A Story of the Burke and Hare Murders
Extract from Mary Paterson, or, The Fatal Error
By David Pae, edited by Caroline McCracken-Flesher
Published by ASLS
Two years have come and gone, and once more it is an autumn day – a day of blue sky and bright sunshine – a day when throughout the whole extent of broad and bonny Scotland the reapers are in the fields cutting down the yellow grain, enlivening their toil by laughter and song. In all the vales and in all the uplands of the mellow landscape are many bands to be seen, with their bright hook-blades flashing in the sun as they bury them among the shocks of corn, while on the still and sultry air the sound of their happy voices are wafted among the woods and over the slopes of purple heather, and down the smiling course of the crystal stream, where the latest wild flowers of the year are blooming in richest loveliness, and where woodland warblers are swelling the thanksgiving song which universal nature is raising to the beneficent creator who has crowned the year with his goodness.

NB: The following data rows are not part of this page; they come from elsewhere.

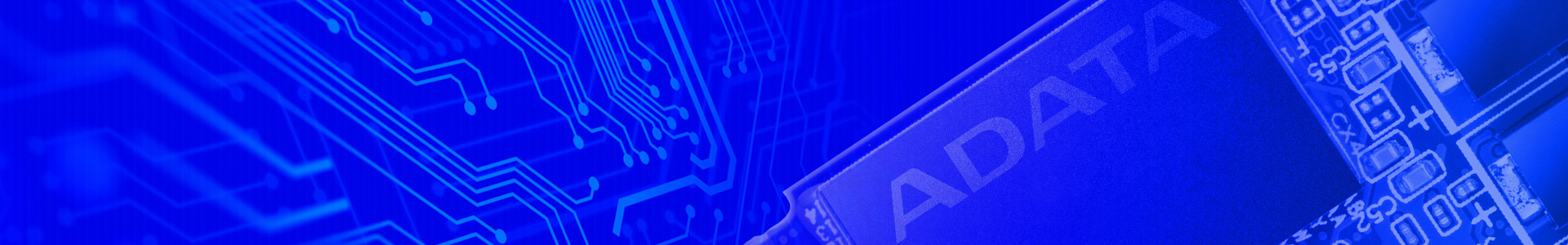 DRAM Modules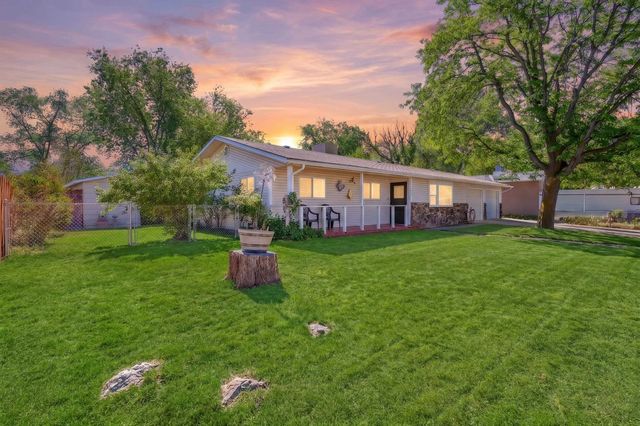 628 Livvy Court, Clifton, CO 81520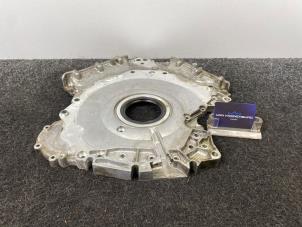 Gebruikte Distributiedeksel Audi S4 Avant (B8) S4 3.0 TFSI V6 24V Prijs € 249,95 Inclusief btw aangeboden door Van Kronenburg Engines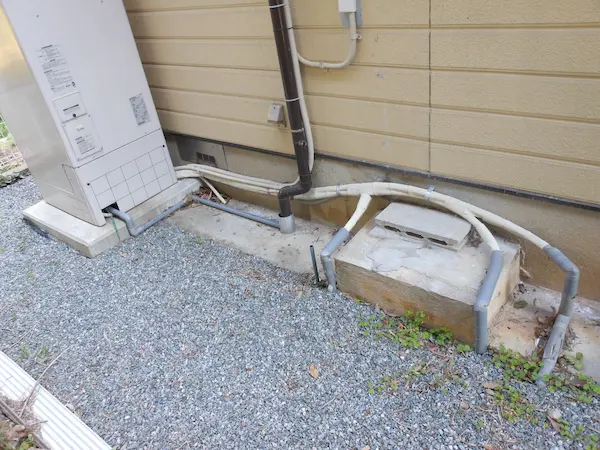 ecocute-warui-haikan-03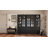  Wood Tower Display Case-92616389-126132759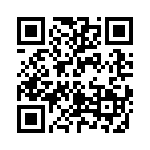 UT00142G1SH QRCode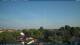 Gambettola 06.07.2025 07:49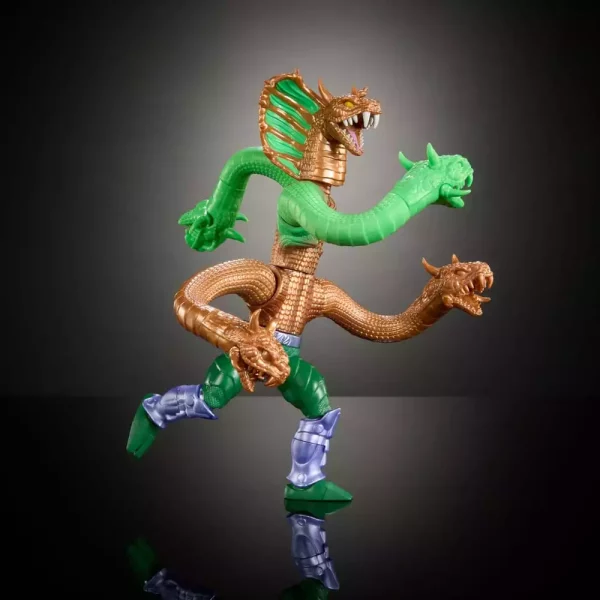 motu-x-tmnt-turtles-of-grayskull-deluxe-action-figure-king-hiss-14-cm-1765709751-2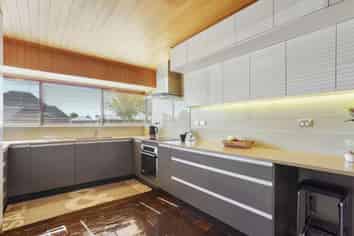 5 Hinton Place, Rangiora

But this same autumn day can show another and darker scene than this. In the dingy, dirty closes of old Edinburgh there is to be seen little of the blue sky and less of the bright sunshine, and there the faintest echo of the reaper’s song is not heard, and the happy harvest joy is unknown.
In a little dingy room of a house in one of the narrowest and dirtiest closes in the West Port, a group of four living persons are assembled. Two of these were Burke and Helen M‘Dougal. Burke sat in a corner near the window on a cobbler’s stool, mending a shoe, and Helen, and another woman were huddled together on stools, near the embers of a fire which had cooked the breakfast they had just eaten.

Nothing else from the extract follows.